Cantora e compositora ganha biografia e musical em homenagem aos seus 80 anos de vida e 50 de carreira
Publicado em 12/09/2024
Atualizado às 10:26 de 01/10/2024
por André Bernardo
Em 2010, a cantora e compositora Leci Brandão, então com 66 anos, se candidatou ao cargo de deputada estadual pelo Partido Comunista do Brasil (PCdoB). Quando soube que tinha sido eleita, com 86,2 mil votos, telefonou para a mãe, Dona Lecy de Assumpção Brandão (1922-2019), no Rio de Janeiro. “Mãe, a senhora varreu sala de aula, moramos em escolas públicas, mas hoje sua filha foi eleita deputada pelo estado de São Paulo. Obrigada por tudo, minha mãe!”, agradeceu emocionada. Dia desses, Leci voltou a chorar. Foi assistindo ao espetáculo Na palma da mão. “Dona Lecy foi a pessoa que mais me inspirou nesta vida. Tenho dois sambas, ‘As coisas que mamãe me ensinou’ e ‘A filha da Dona Lecy’, que retratam o que ela representa para mim. Ela partiu em 2019, mas, ainda hoje, sinto muito a falta dela”, lamenta a cantora.

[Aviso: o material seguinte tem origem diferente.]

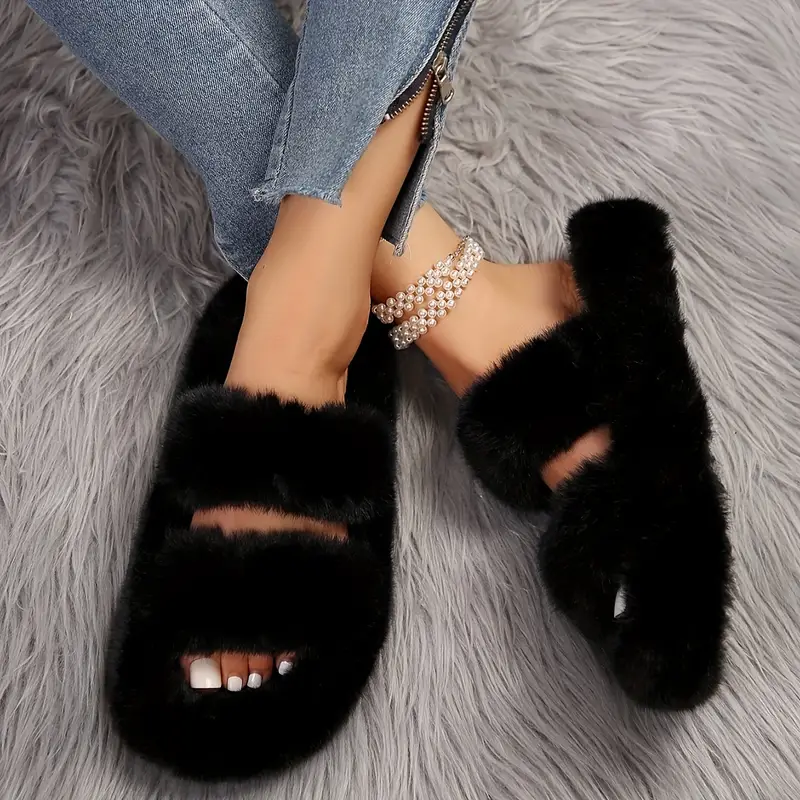 Fluffy Two Band Plush Slippers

No musical, Leci Brandão é interpretada por Tay O’Hanna e Dona Lecy por Verônica Bonfim. Tanto Tay quanto Verônica elegem a cena em que a mãe canta “Ombro amigo” (1977) para a filha como uma das mais emocionantes. “É uma música muito importante para a comunidade LGBTI+, por ser uma das primeiras a falar abertamente sobre o assunto”, afirma Verônica. “A cena mostra uma mãe acolhendo sua filha, e ser acolhido pela família é o sonho de toda pessoa LGBT. Eu mesma vivi essa cena quando contei para a minha mãe que sou lésbica”, complementa. Para Tay, que se identifica como uma pessoa trans não binária, Na palma da mão é uma homenagem mais do que merecida à cantora e compositora. “Precisamos homenagear os nossos em vida, e Leci Brandão merece todas as nossas homenagens”, diz. Fazem parte do espetáculo também o ator Sergio Kauffmann e os músicos Matheus Camará, Thainara Castro, Pedro Ivo e Rodrigo Pirikito.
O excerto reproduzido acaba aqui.